I’ve been thinking about this topic (of outing merchants on blogs, forums and through other social media channels) for awhile, and as I have mentioned in my response to Anthony, I believe that an affiliate can actually be quite effective in educating a merchant/affiliate program manager. Some of the newer affiliate managers can learn a lot if affiliates contact them about the problems they see within affiliate programs. Of course, there are situations when merchants are too stubborn and/or too arrogant to learn, or make decisions that show utter disrespect to affiliates (here are just a couple of examples: Jangro’s experience | FlamingoGirl’s experience); but in many cases being slightly more tolerant, and not rushing to condemning conclusions, can benefit all parties involved.

I like Anthony’s two-attempts approach. I believe that contacting the affiliate program manager (or merchant) directly should always be the first step. Any error could always be committed out of meer ignorance. Same applies to merchants dealing with affiliates. Talk to each other! It’s amazing how productive a communication can be when a problem is faced. Of course, it requires a two-way communication channel, and its very existence depends on the both on the merchant’s, and the affiliate’s efforts.

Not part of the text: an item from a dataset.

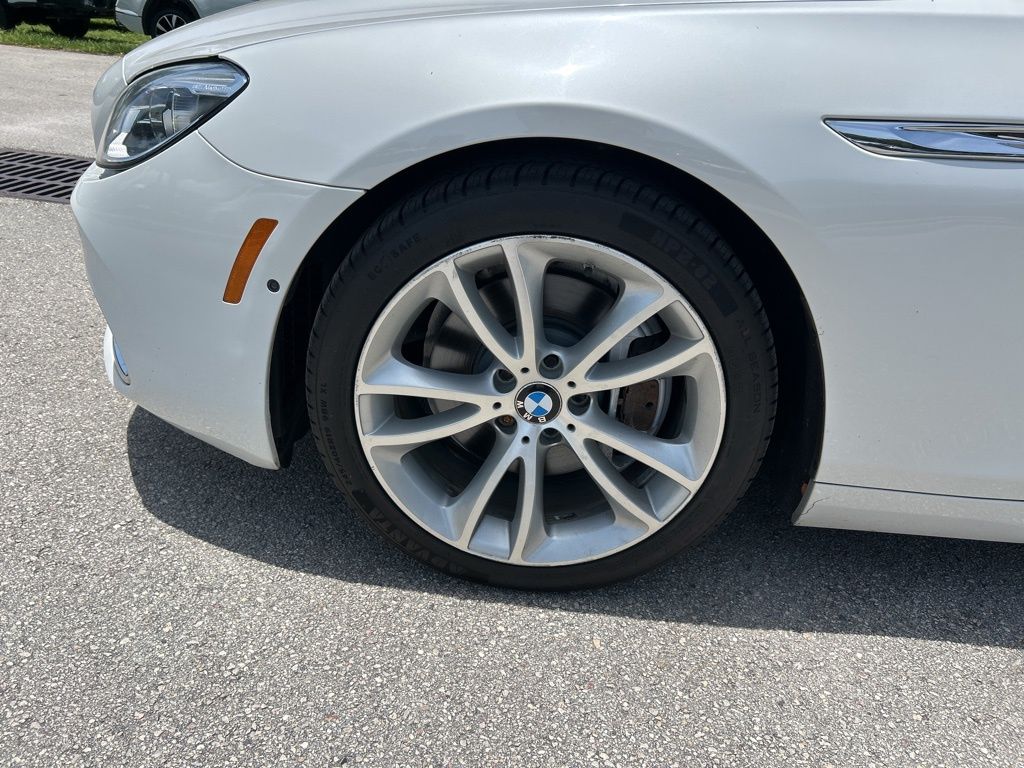 Vehicle image 9 of 50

2 thoughts on “Could Tolerance Be a Way of Education?”

  1. Geno, are you suggesting that I (or Connie) could have handled our cases differently?

    I traded emails with the affiliate manager to make sure I understood where they were coming from. I admit, I don’t think I closed the loop with a final email expressing that I was offended by the assumptions.

    To be clear, I didn’t out the merchant. I generally don’t like to do that sort of thing unless the original action was public in the first place. I posted the experience for all to learn from without naming the merchant.

  2. Scott,

    Sorry for not being 100% clear in my post. What I meant to illustrate by those links to blog posts in your and Connie’s blogs were the situations where exposing inappropriate merchant behavior in public was more than appropriate. Especially in the form that you and Connie chose to do it (without naming the merchant; for AMs/merchants to learn from the mistakes of others).